Basti pensare che i Livelli Essenziali di Prestazione (LEP), nonostante previsti dall’articolo 117 della Costituzione, tutt’oggi non sono ancora stati calcolati, senza assicurare uniformità di servizi ai cittadini di Bologna come di Napoli, di Milano come di Cosenza, specialmente negli ambiti di istruzione-formazione, sociale e sanità con la determinazione dei fabbisogni standard vincolata ancora alla spesa storica e con la deduzione che se i comuni del sud nel tempo non avevano aperto gli asili nido o istituito il servizio di trasporto scolastico o pubblico vuol dire che non gli serviva e non gli serve.
Ergo: un bambino che nasce a Vibo Valentia non avrà la possibilità di iscriversi ad un asilo, o di usufruire di servizi pubblici come invece potrà fare un coetaneo lombardo o veneto.
Lo diciamo ormai da tempo che il problema competitivo italiano sta nell’iniqua distribuzione di risorse tra Nord e Sud del Paese in termini di infrastrutture e spesa sociale per scuole e sanità, perché sottraendo 61 miliardi di Euro all’anno negli ultimi 10 anni al Sud per finanziare le opere infrastrutturali del Nord, si è ridotto il reddito pro-capite complessivo e si è rinunciato ad una dimensione nazionale di mercato interno.
Basterebbero tre scelte fondamentali:
1) superare il concetto della spesa storica, riferendosi alla capacità fiscale dei territori e togliendo risorse a chi ne ha di più e destinandole a chi ha di meno, attuando finalmente la parificazione dei diritti di cittadinanza sancita dalla Costituzione in materia di scuola, sanità, mobilità e infrastrutture.

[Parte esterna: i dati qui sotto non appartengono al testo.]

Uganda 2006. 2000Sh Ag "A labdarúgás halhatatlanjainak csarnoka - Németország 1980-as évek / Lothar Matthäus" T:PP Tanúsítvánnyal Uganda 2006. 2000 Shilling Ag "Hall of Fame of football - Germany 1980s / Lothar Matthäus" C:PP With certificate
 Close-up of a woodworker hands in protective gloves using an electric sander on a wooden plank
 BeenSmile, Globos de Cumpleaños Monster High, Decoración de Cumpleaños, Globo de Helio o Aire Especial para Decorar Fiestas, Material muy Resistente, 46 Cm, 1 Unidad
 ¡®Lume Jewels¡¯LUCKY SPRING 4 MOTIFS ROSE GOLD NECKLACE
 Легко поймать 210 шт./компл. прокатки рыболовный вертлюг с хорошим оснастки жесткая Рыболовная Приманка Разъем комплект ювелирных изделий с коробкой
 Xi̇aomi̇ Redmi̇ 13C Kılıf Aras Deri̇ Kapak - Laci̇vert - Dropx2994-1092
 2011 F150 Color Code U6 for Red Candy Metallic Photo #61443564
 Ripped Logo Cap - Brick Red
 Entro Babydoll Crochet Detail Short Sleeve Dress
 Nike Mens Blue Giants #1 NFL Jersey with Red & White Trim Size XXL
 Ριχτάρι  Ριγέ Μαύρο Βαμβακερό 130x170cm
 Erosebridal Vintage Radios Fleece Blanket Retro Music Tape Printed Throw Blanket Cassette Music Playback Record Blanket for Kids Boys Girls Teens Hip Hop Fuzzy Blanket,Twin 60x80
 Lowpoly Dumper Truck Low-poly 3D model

2) Attuare la perequazione infrastrutturale, affinché gli investimenti pubblici infrastrutturali si facciano finalmente al Sud e le imprese delocalizzino qui impianti e ricerca.
3) Ricalcolare i fabbisogni standard di riferimento per una giusta ripartizione delle risorse.
Dare un’occhiata ai rapporti SVIMEZ degli ultimi anni, servirebbe per avere contezza di questa drammatica realtà, evitando ulteriori procrastinanti perdite di tempo, scongiurando i conflitti sociali e l’aumento della forbice tra i cittadini diventati ricchi con i soldi degli altri.
Allora bisogna dire basta all’ipocrita e dannosa logica che pianifica assistenza per il Sud, mentre per il Nord soldi e cantieri. Logiche che danno l’idea dell’ennesima beffa, dell’ennesimo impianto assistenzialistico che non risolve le questioni di fondo: abbiamo bisogno di una grande stagione di interventi straordinari, oggi e non domani, per la ripresa del Mezzogiorno e per la salvezza dell’intero Paese.